Une DataViz bien faite permet à des personnes extérieures au projet de s’approprier plus rapidement les résultats obtenus et assurera un meilleur "buy-in" des utilisateurs. Le gain se situera alors sur la réduction de l’effort d’accompagnement au changement.

Au-delà des livrables accompagnant les projets de data science, les use case devront être expliqués en faisant appel au data storytelling. Notre expérience dans le domaine montre que plutôt que d’expliquer une démarche data science souvent très complexe, il vaut mieux prendre quelques exemples concrets bien choisis, et suivre leur cheminement de bout en bout. Par exemple prendre l’exemple du parcours client de M. Dupont, sera bien plus parlant aux personnes sur le terrain que d’expliquer comment l’algorithme arrive au ciblage de telle ou telle offre.

Le dernier point de vigilance traité aujourd’hui est de rendre les résultats (par exemple de la connaissance client) disponible pour l’opérationnel et/ou au point d’interaction avec le client. Cela suppose que les modèles établis soient réellement industrialisés, par exemple au travers d’une application, d’une API, ou d’un site web, et qu’ils ne restent pas au stade de POC.

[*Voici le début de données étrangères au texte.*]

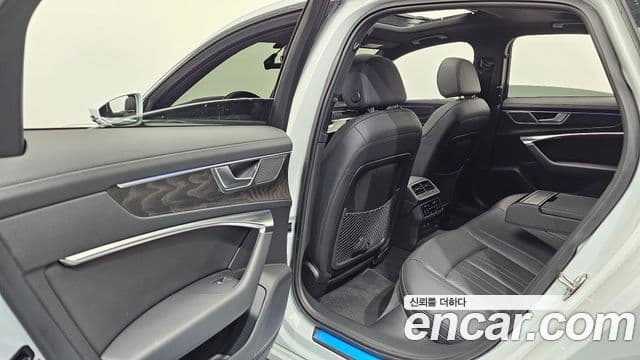 Audi A6 (C8) Premium, 2023 11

Il faut souvent vérifier un grand nombre de contraintes avant de mettre un modèle en production. Par exemple, voici une checklist non exhaustive de points à vérifier :

  • Toutes les données utilisées par le modèle en entrée seront-elle disponible dans un environnement de production ?
  • Le temps de calcul du modèle est-il compatible avec les contraintes de production ?
  • Le modèle peut-il fonctionner pendant la fenêtre de temps adéquate ?
  • Le temps de calcul sur l’environnement de production sera-t-il différent de celui qui a été mesuré pendant la modélisation ?
  • L’environnement de production est-il compatible avec les langages, les outils, et les librairies utilisées par le modèle ?
  • Les librairies utilisées pourront-elle être intégrées au modèle ?
  • Le modèle nécessite-t-il une boucle de rétroaction pour fonctionner ?
  • En cas de dégradation de la qualité des données comment le modèle peut-il réagir ?
  • Le modèle possède-t-il un mode de fonctionnement dégradé ?
  • Le modèle nécessite-t-il de paralléliser des traitements ?
  • Quel va être l’impact de la mise à jour de l’infrastructure, des outils et des langages sur le modèle ?
  • Le modèle sera-t-il paramétrable et par quel moyen ? Une API ? Une page Web ? Une APP ?
  • Le modèle est-il monitoré par un algorithme statistique de contrôle ?
  • Le modèle possède-t-il une vérification de l’hétéroscédasticité ?
  • Quel type d’alerte est prévu en cas de dysfonctionnement du modèle ?
  • La précision et la robustesse du modèle seront-elles monitorées ?

Il n’est pas question ici de recenser tout ce qu’il faut faire pour une mise en production en data science. Néanmoins, on peut affirmer que plus le mode de production a été pensé tôt et en amont, plus le modèle a de chance de s’industrialiser correctement.

Conclusion

La data science est une science nouvelle en entreprise. Elle a ses propres règles, méthodologies et modes de fonctionnement qui sont différents de la BI traditionnelle. Les connaitre et anticiper les problèmes est clairement la meilleure option pour mener un projet data science au succès.